▶ _Provided records_

☆ ☆ ☆ ☆

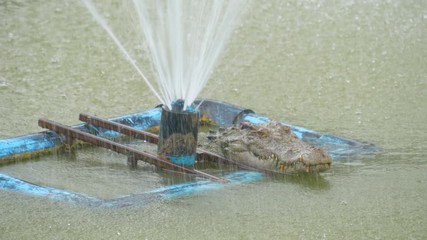 Video 4k of crocodile swimming in the water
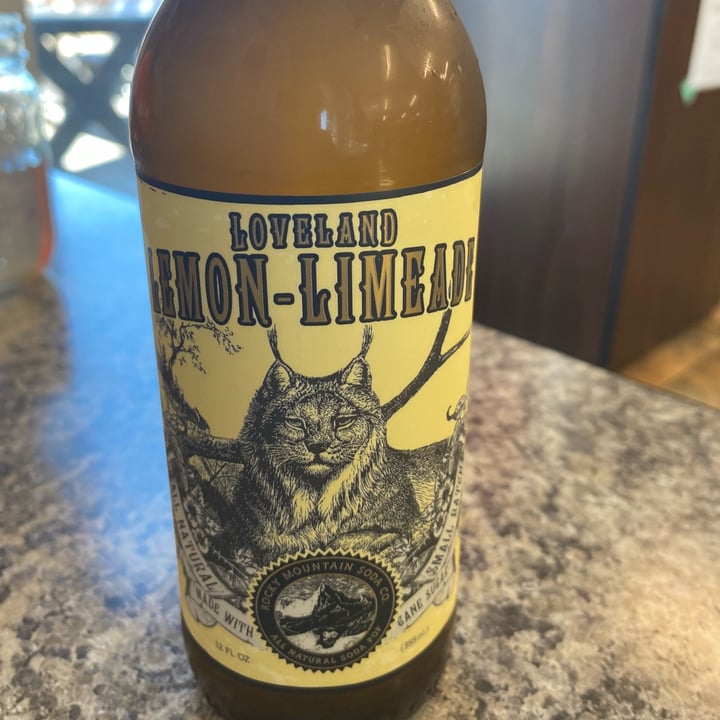 Rocky Mountain Soda Co Loveland Lemon Limonade Review abillion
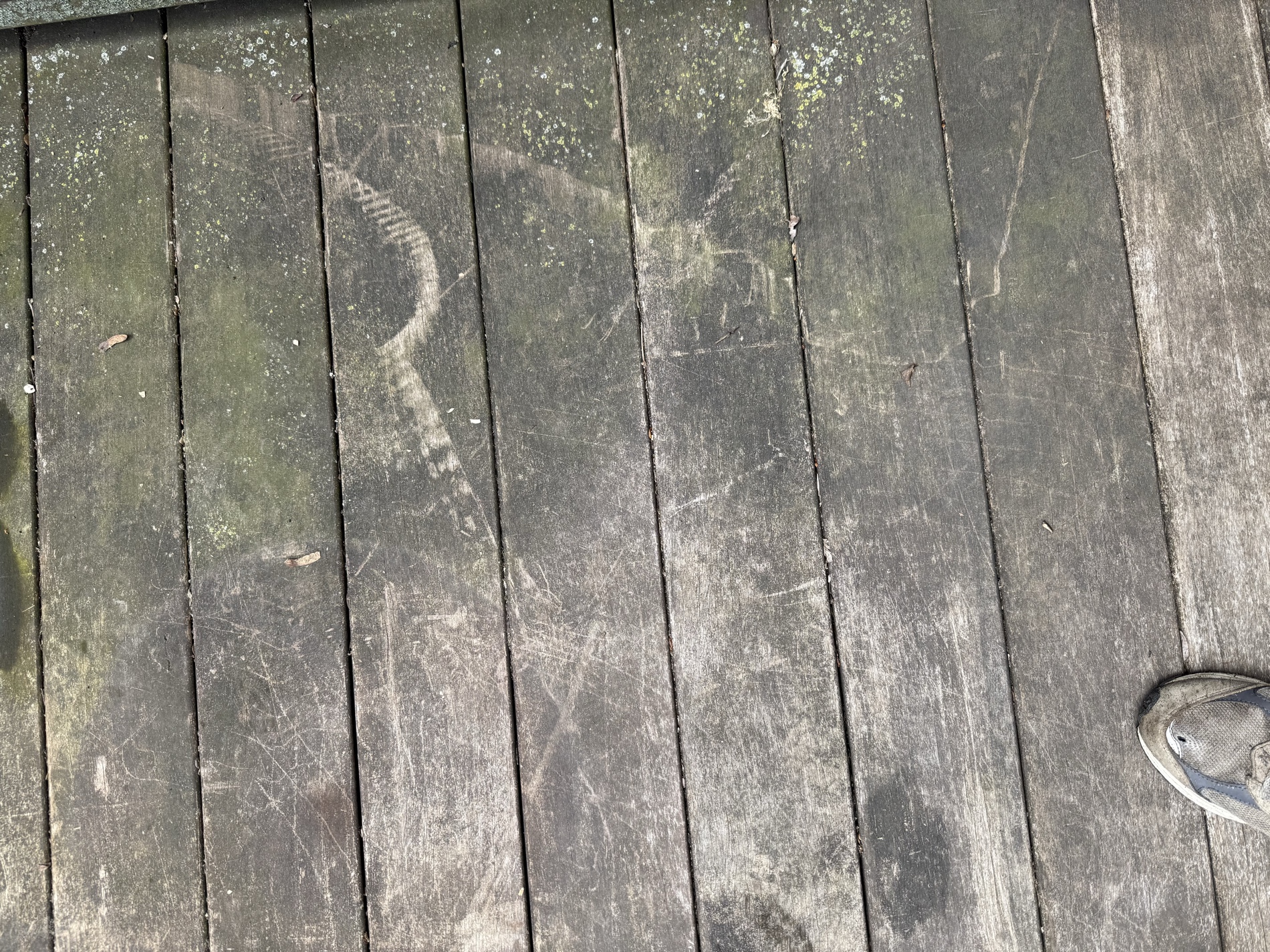Weathered, dirty deck boards before pressure washing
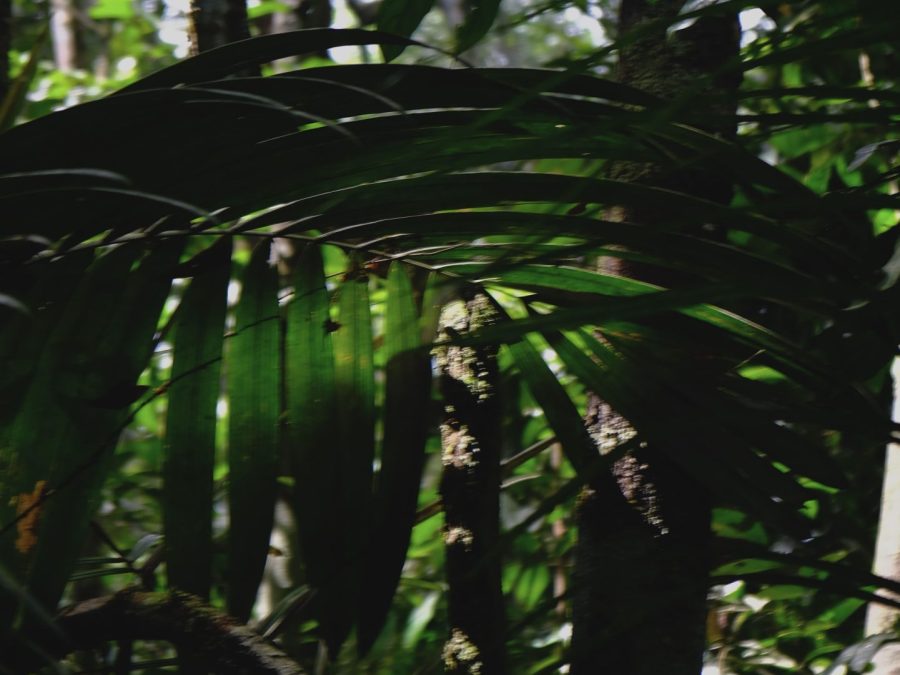 rainforest remedies
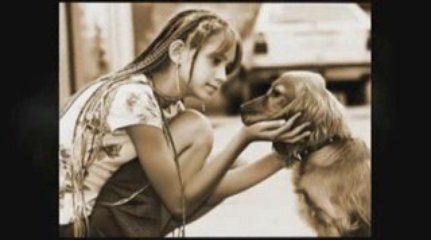 Secrets to Dog Training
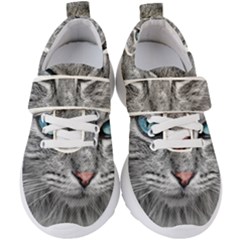 Cat Animal Cat Portrait Mackerel Kids  Velcro Strap Shoes by Sudhe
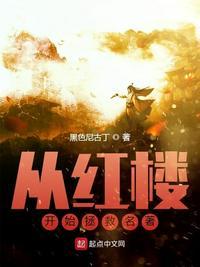 从红楼开始拯救名著精校TXT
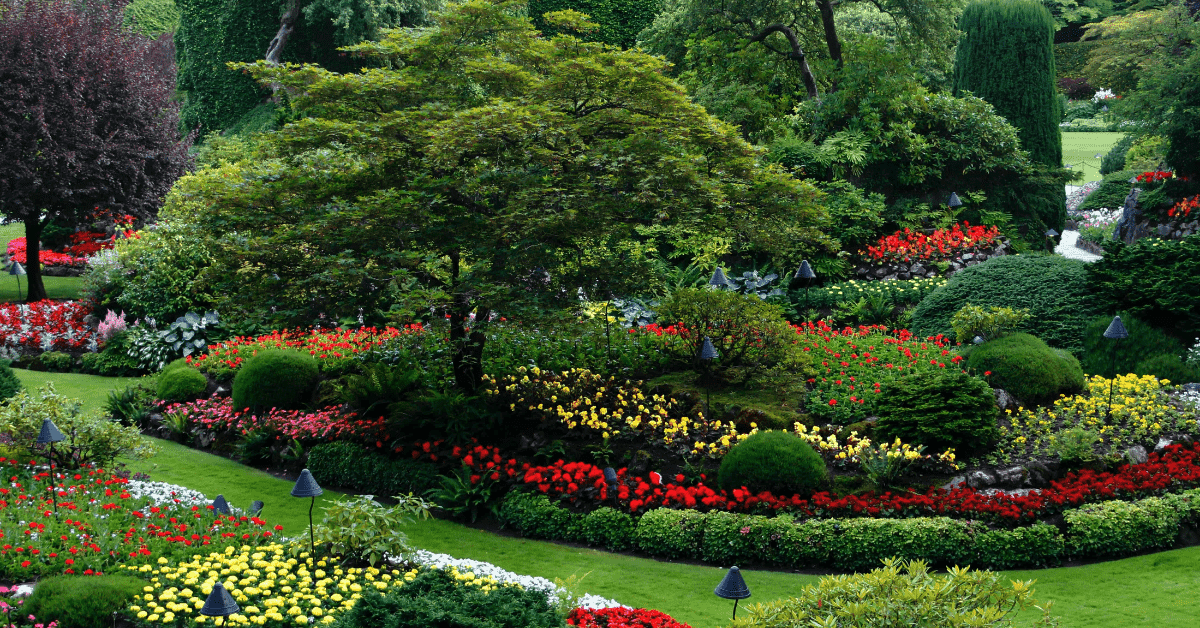 Best Trees and Shrubs for Columbus, Ohio Yards | Local Guide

☆ ☆ ☆ ☆

Without the images, write out each line of the data verbatim.

 Video 4k of crocodile swimming in the water
 Rocky Mountain Soda Co Loveland Lemon Limonade Review abillion
Weathered, dirty deck boards before pressure washing
 rainforest remedies
 Secrets to Dog Training
 Cat Animal Cat Portrait Mackerel Kids  Velcro Strap Shoes by Sudhe
 从红楼开始拯救名著精校TXT
 Best Trees and Shrubs for Columbus, Ohio Yards | Local Guide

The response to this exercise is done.